## RECORDS TO PROCESS
—————
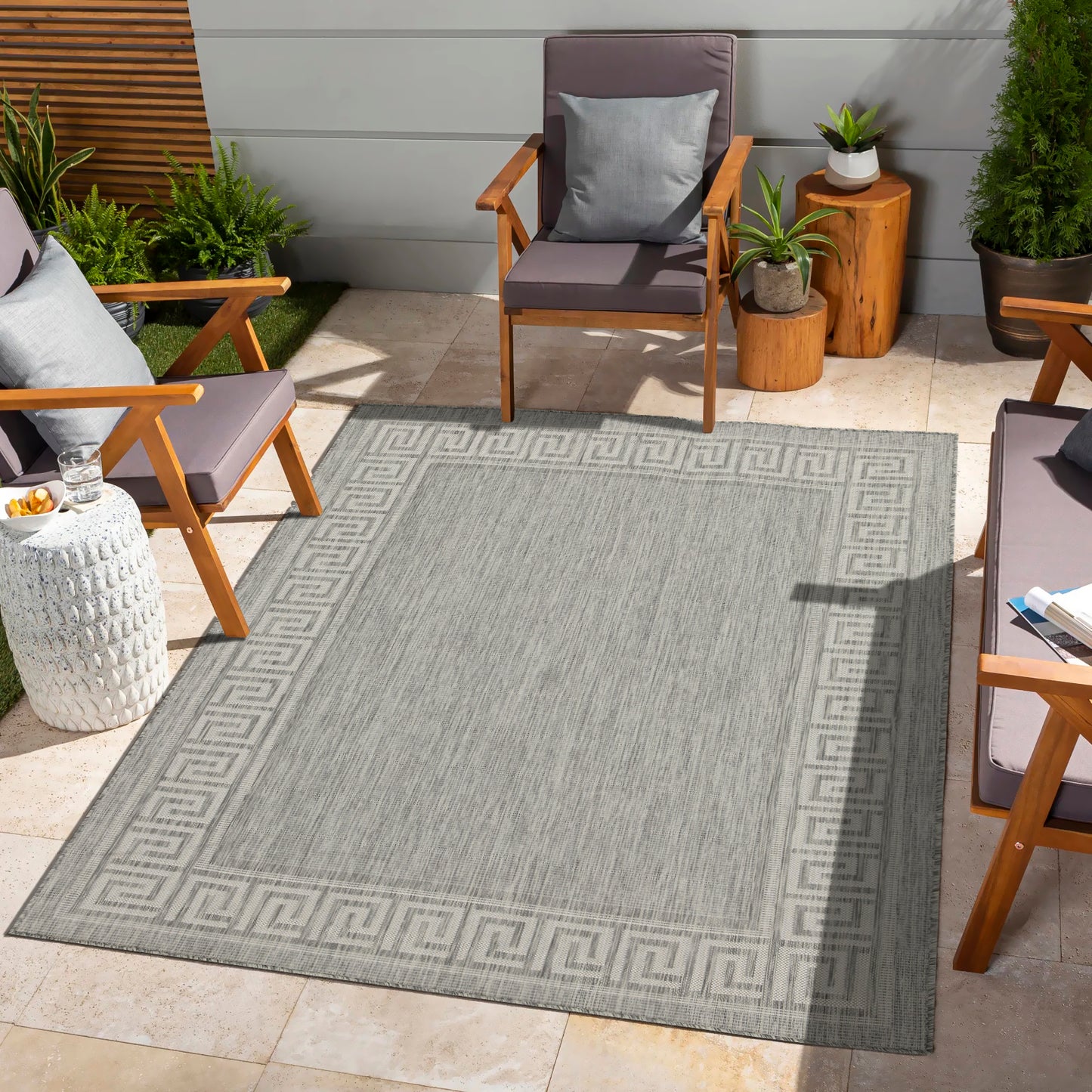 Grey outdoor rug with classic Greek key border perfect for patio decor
—————
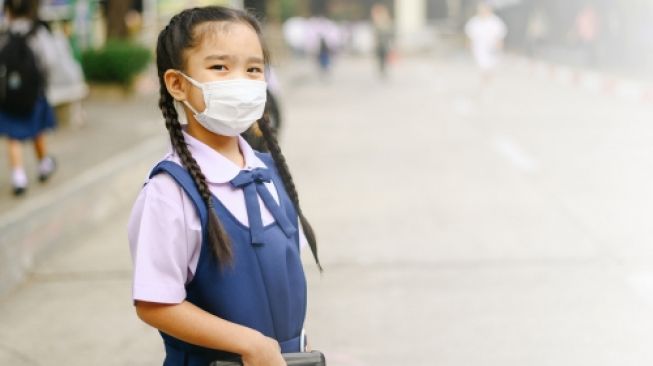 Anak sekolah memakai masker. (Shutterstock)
—————
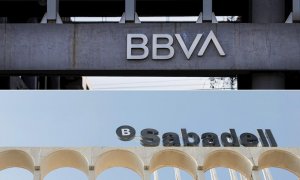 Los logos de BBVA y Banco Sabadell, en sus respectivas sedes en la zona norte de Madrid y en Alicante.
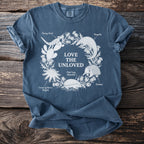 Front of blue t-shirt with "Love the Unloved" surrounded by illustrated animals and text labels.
—————
## PROBLEM DETAILS
What are the lines above from the one with "Los logos de" to the one with "Front of blue", both included? Reproduce them exactly, without pictures.

## RESPONSE BELOW
 Los logos de BBVA y Banco Sabadell, en sus respectivas sedes en la zona norte de Madrid y en Alicante.
 Front of blue t-shirt with "Love the Unloved" surrounded by illustrated animals and text labels.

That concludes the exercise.